In order to aquire a sufficient amount of silver to sustain this unfavourable balance of payments involved in their trade with China, the British East India Company deliberately stimulated the production of opium in India. The Company was careful to leave its distribution to private merchants, but the Chinese emperors (who were Manchus, by the way) were not fooled, and a ban was placed on all transactions involving opium at Guangzhou. As a result of the huge amounts of opium being shipped into the country, there was a great amount of drug addiction in the southern provinces (not to mention the mounting export of silver to pay for the habit).
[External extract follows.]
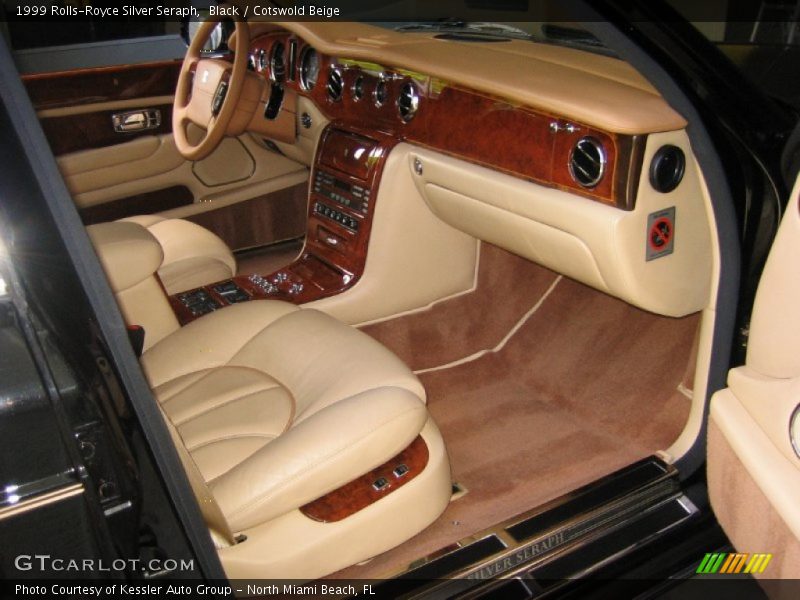 Dashboard of 1999 Silver Seraph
Emperor Dao Guang was so concerned by this situation that (in 1839) he dispatched a commissioner with instructions to stamp out the whole business. First, the commissioner (Lin Zexu) broke up the network of Chinese importers and suppliers. Next, he destroyed the opium stocks of European merchants without compensation, and obliged them to promise to end the traffic of the drug. Lin Zexu also addressed a letter to Queen Victoria, appealing to her sense of decency. He wrote:

I am told that in your country opium smoking is forbidden under severe penalties. This means that you are aware of how dangerous it is. But better to forbid the smoking of opium would be to outlaw its sale and, better still, to outlaw the production of the drug altogether. As long as you avoid opium yourselves, but continue to make it and tempt the people of China to buy it, you will be seen to have compassion for your own lives, but none whatsoever for the lives of people who are ruined by your pursuit of gain. . .And who can say whether one day your own subjects will not only make opium, but also smoke the drug themselves.
Had the young queen received this communication, she may have had second thoughts to Lord Palmerston's (her first minister) justification for war. He maintained that the only way to end the opium traffic was to suppress the drug's use in China. Profit carried the day, and British gunboats were ordered to overturn Lin Zexu's measures.